Reader: Poverty is not an easy fix
Thanks again go to Barbara Anderson for continuing to educate us with her recent guest column series, and for the work she does.
Many people just don’t realize how difficult it is to climb out of poverty. It’s easy to say “finish school, postpone children” etc. Those are good middle-class values that we expect from people who are not middle class.
What about children and youth who have the bad luck to come from a dysfunctional family — some witnessing or victims of abuse? Kids who were never taught even basic hygiene, never got an “allowance” and have no idea how to manage money, much less a household, and who have no responsible role models to learn from.
Those of us who have been brought up in the middle or upper classes don’t have any idea what it’s like to be in high school and suddenly find yourself homeless. I know of at least two teenagers in that predicament, who were struggling to graduate while “couch surfing” or living in a car. Fortunately, each was eventually able to get into public housing and finish high school, thanks to the New Albany Housing Authority. Without even a secure roof over their heads, how can we expect a kid, or anyone, to succeed in life?

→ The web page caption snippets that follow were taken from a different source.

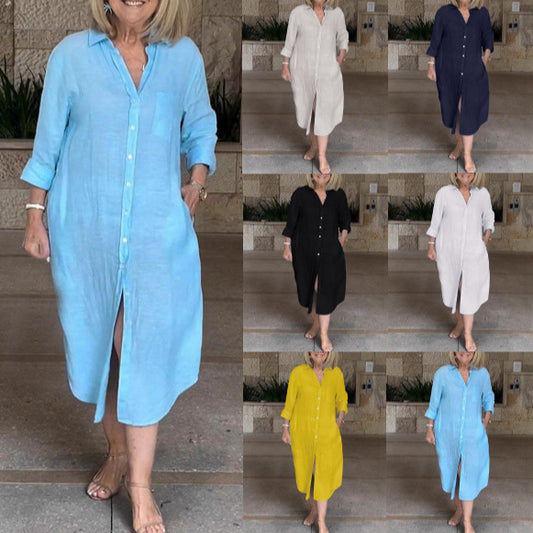 Damen Leichtes Sommerkleid mit Knopfleiste und langen Ärmeln Stalluxe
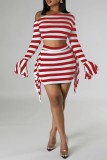 Red Casual Striped Print Patchwork Oblique Collar Long Sleeve Two Pieces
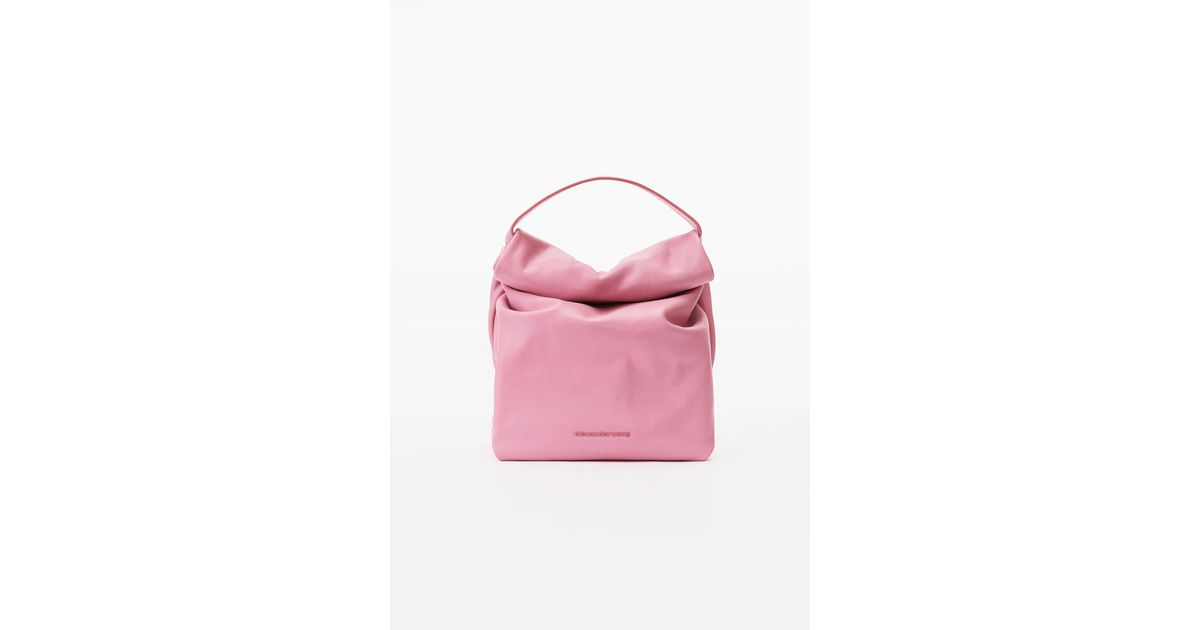 Alexander Wang Small Lunch Bag In Waxed Leather in Pink Lyst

So many people are one illness, one layoff or one major car repair away from losing everything. It’s often one step forward, two steps back. Imagine trying to cobble together a living working two or three part-time, minimum-wage jobs with no benefits because full-time work is not available, or you don’t “qualify.” These are people for whom college is out of the question. At $300-plus a credit hour, even middle class students drop out or are overwhelmed by debt before they even begin their lives.